Two other works, Untitled: Portrait, Black Surfer (2014) and Abstract: Man with Helmet, Do You Have the Time? (2015) each use a motif of a helmeted bust, with eyes peering out from a thin slit. The latter painting is especially colorful, with a strong pink-and-blue background, the figure half-painted and half-drawn in blue, green, yellow, and red with a heavy black outline. Riley’s faux-naïve style is reminiscent of painters such as Jean-Michel Basquiat or artists from the CoBrA group.
Traylor’s and Mir’s paintings are formally quite different, but come from similar aesthetic concerns. Traylor was self-taught—an outsider artist born into slavery in 1850s Alabama—and his paintings are sparse, observational, made with modest, found materials. The poster-paint-on-cardboard painting Bird on Triangular Construction (ca. 1939) depicts a black bird on a shape that could indicate a toy boat or a small decoration. The three-tone image is powerful and direct. Turkey Chasing Bug (ca. 1939) is similarly plain, but, like Riley’s work, captures almost effortlessly the physical and psychological experience of the artist interacting with the world.

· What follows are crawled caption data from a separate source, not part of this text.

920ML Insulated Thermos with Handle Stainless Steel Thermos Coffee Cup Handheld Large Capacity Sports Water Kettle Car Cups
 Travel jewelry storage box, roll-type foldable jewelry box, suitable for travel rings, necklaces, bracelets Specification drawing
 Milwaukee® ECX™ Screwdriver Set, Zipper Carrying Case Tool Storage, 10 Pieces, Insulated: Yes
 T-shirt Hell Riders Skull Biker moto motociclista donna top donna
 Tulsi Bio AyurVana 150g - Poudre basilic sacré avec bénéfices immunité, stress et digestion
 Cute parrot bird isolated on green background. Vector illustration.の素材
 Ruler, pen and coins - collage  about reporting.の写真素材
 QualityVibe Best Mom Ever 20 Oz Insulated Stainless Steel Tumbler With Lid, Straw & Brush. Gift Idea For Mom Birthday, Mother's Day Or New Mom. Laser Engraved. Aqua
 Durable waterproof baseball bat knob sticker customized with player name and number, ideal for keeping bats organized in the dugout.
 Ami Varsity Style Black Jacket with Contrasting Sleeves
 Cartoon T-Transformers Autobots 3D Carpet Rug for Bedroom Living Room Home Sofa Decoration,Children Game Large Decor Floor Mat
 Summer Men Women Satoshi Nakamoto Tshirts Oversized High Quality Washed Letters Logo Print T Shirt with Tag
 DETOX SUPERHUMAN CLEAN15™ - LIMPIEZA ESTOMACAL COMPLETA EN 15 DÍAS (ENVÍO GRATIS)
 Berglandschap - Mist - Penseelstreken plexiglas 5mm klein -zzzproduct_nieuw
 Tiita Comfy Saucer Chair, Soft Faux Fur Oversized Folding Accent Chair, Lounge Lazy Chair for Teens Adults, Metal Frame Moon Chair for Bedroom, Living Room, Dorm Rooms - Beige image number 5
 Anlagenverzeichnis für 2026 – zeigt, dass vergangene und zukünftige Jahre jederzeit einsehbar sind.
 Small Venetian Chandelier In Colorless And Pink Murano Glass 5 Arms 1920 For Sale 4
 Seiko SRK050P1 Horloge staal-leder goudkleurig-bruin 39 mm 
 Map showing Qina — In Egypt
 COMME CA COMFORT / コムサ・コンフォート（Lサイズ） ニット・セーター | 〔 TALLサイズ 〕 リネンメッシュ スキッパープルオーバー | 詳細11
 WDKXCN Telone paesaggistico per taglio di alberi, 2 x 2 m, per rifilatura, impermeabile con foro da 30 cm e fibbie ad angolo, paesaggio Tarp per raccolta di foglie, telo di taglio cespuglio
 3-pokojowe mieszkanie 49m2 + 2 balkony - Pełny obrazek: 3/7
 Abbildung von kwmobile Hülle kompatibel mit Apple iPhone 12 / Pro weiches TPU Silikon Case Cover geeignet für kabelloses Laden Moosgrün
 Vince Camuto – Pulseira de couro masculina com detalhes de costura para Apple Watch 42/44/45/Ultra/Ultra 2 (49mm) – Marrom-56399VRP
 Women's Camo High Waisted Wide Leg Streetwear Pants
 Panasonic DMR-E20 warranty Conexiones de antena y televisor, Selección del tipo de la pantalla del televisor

Mir’s work is contemporary, but the silhouetted landscape of Sunshine Pines (2015) echoes the black birds in Traylor’s work and the helmeted surfer in Riley’s. Blue Bell (2015) uses a palette similar to Riley’s gestural paintings to naturalistically depict a woman in blue against a red background. Pyramid Split (2015) mimics Traylor’s triangular perch, as well as the riotous colors and brushy abstractions of Riley’s paintings. All three artists carry on a dialogue, through different means and at different times, that pulls into relation several wings of painting’s wide possibilities.
“Enrico Riley ‘Surfer’s Delight’ & Bill Traylor ‘I Say’ with works by Christopher Mir” are on view at FRED.GIAMPIETRO Gallery, New Haven, Mar. 21–Apr. 25, 2015.